Migranti verso la Francia, a Bardonecchia (Ufficio stampa Cnsas/Ansa)
Si chiamava Derman Tamimou, aveva 29 anni, arrivava dal Togo ed è morto ieri per il freddo sulle Alpi fra Italia e Francia. È la prima vittima del 2019, lungo il calvario fra quelle che sono state le montagne olimpiche e che adesso sono la cornice drammatica di tante fughe che i migranti compiono in cerca di una vita migliore. Derman è stato trovato da un camionista nella notte fra mercoledì e giovedì, quasi sepolto dalla neve sulla strada statale 94 del colle del Monginevro. Semiassiderato, è stato portato all’ospedale di Briançon dove è morto poco dopo. Nel 2018, sulla stessa strada i morti erano stati tre.
Sull’accaduto la Procura di Gap ha aperto un fascicolo per 'omicidio involontario'. Quella di Derman è la fine che rischiano in molti, lungo un percorso che in questi giorni si è fatto più complicato del solito a causa delle abbondanti nevicate e del freddo intenso soprattutto notturno. Confine travagliato quello italo-francese delle Alpi: i passaggi di migranti hanno già provocato, oltre alle morti, anche una serie di proteste e incidenti diplomatici fra Italia e Francia.
Per assistere i migranti, molte sono ormai le associazioni umanitarie attive fra i due Paesi, ma anche gli abitanti del posto che hanno adottato tutti i mezzi possibili per salvaguardare le vite di chi tenta la sorte. «Non passare di qui per andare verso la Francia, rischi la vita», è stato per esempio scritto su uno dei numerosi cartelli posti lungo i sentieri più battuti da chi vuole andare in Francia senza farsi vedere. Ignoti gli autori, ma comunque gente che sa di montagna. I cartelli, infatti, sono stati posti vicino alle indicazioni delle piste percorribili con le ciaspole e che possono trarre in inganno proprio i migranti, inesperti della zona. Quelle strade montane, infatti, possono essere percorse da chi è attrezzato e non da persone che non conoscono i sentieri, né hanno scarpe e abiti adatti.

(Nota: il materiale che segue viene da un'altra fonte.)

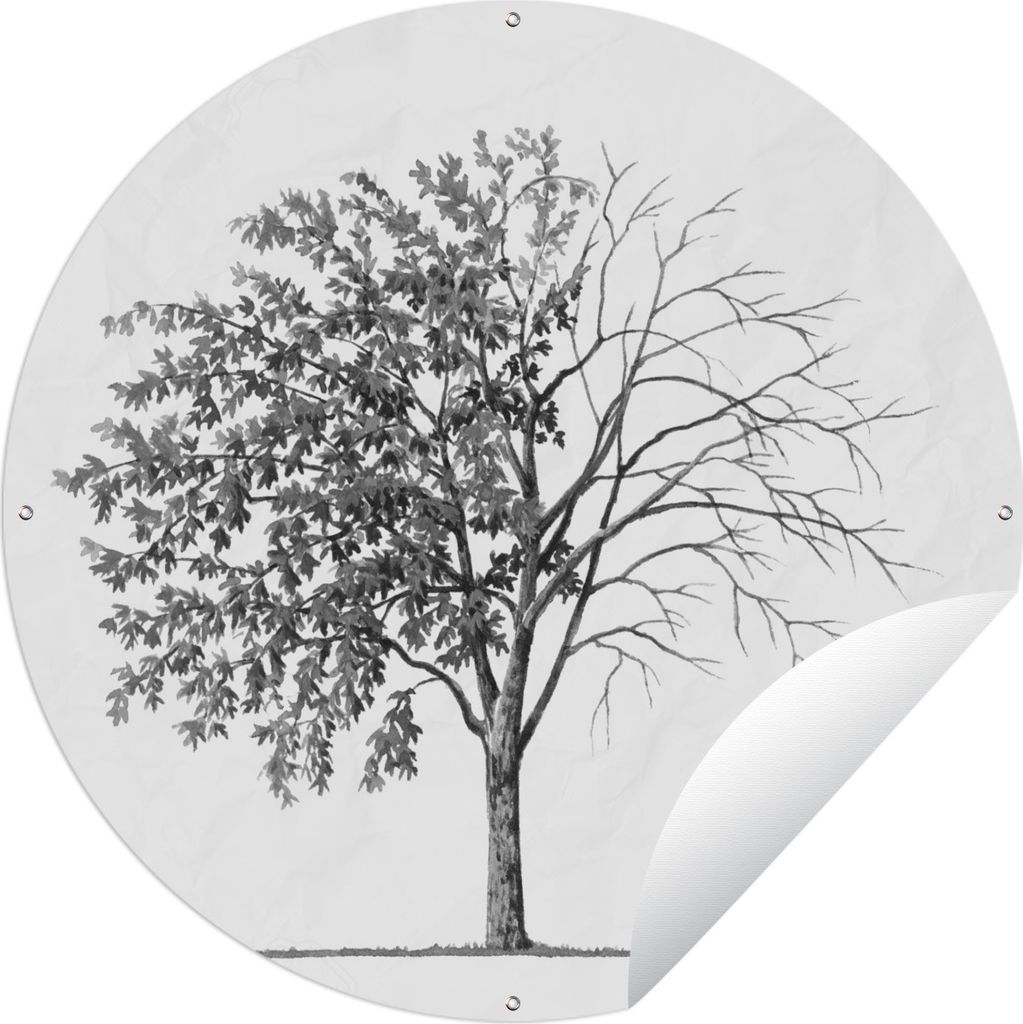 MuchoWow Gartenposter Outdoor-Poster Rund Illustration eines Goldregenbaums, der seine Blätter verliert - schwarz und weiß Ø 90 cm Gartendeko ...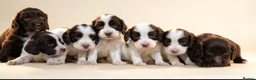Sprocker dogs for sale: Beautiful spring spaniel in Barnsley - Advert 1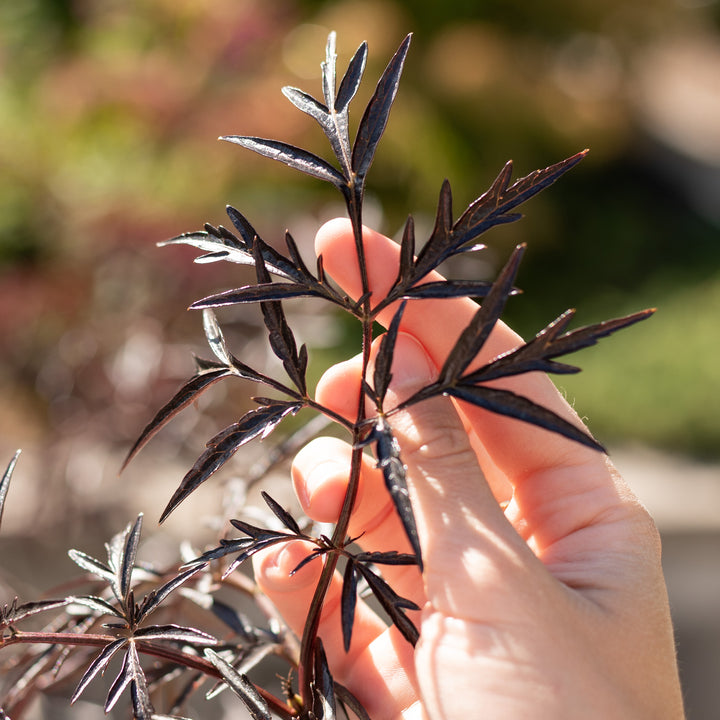 Blätter des Sambucus nigra 'Black Lace'®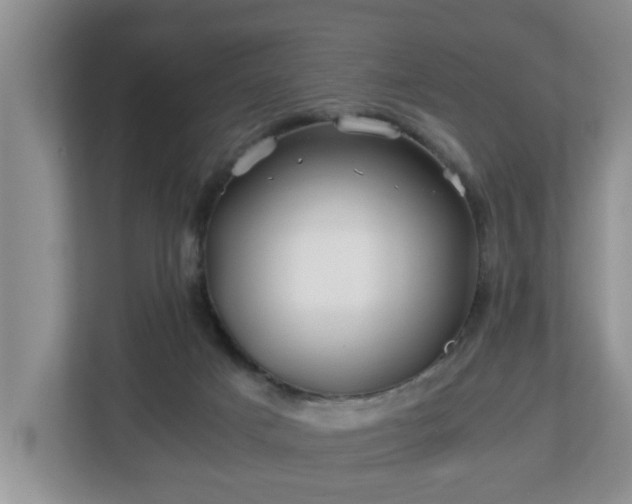 X0000113090025200909041158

Intanto, istituzioni locali, parrocchie e associazioni sono da tempo al lavoro per realizzare iniziative per spiegare ai migranti la pericolosità dell’avventurarsi sulle montagne (soprattutto d’inverno), progetti che provano però anche ad offrire sostegno a chi viene respinto dai gendarmi francesi o comunque si rende conto che il viaggio è troppo rischioso e cerca quindi un’altra soluzione per cambiare vita.

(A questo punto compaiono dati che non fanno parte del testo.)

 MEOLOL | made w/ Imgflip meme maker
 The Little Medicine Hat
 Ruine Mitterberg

Nel 2018 i morti su queste montagne sono stati tre. La prima vittima era stata Mathew Blessing, nigeriana, ritrovata annegata nel fiume Durance, non lontano da Briancon. La sorella e una cugina, ospiti della 'Rete Solidale', avevano accusato la polizia francese. «È scivolata scappando dalla Police National», avevano detto. Successivamente altri due corpi sono stati trovati lungo le piste più battute dai fuggitivi. Proprio in occasione di quelle morti, si erano scatenate anche le proteste di un centinaio di persone a Clavière. Ma la rabbia era cresciuta un po’ fra tutti: residenti, attivisti di varia estrazione, operatori delle associazioni umanitarie. Proprio i rapporti non facili fra chi accoglie chi scappa e la polizia francese hanno creato nel tempo più di un problema. Fino all’episodio più clamoroso. Alla fine dello scorso marzo una pattuglia di cinque gendarmi francesi aveva fatto irruzione in una sala di accoglienza per migranti nella stazione ferroviaria di Bardonecchia gestita dalla associazione Rainbow4Africa. Un episodio rapidamente diventato un vero e proprio incidente diplomatico fra Italia e Francia. Addirittura, in quel caso per far uscire i gendarmi era dovuta intervenire la polizia italiana del commissariato locale. I gendarmi, entrati nella stanza senza preavviso, avevano costretto un migrante a sottoporsi ad un test perché sospettato di spacciare droga: un’accusa risultata poi infondata. In quei giorni, si arrivò a chiedere da parte dell’Italia di espellere dei diplomatici francesi. Intanto, il freddo e il maltempo che stanno per tornare sulle Alpi, accrescono nuovamente i rischi per i disperati che scappano nella neve e al gelo.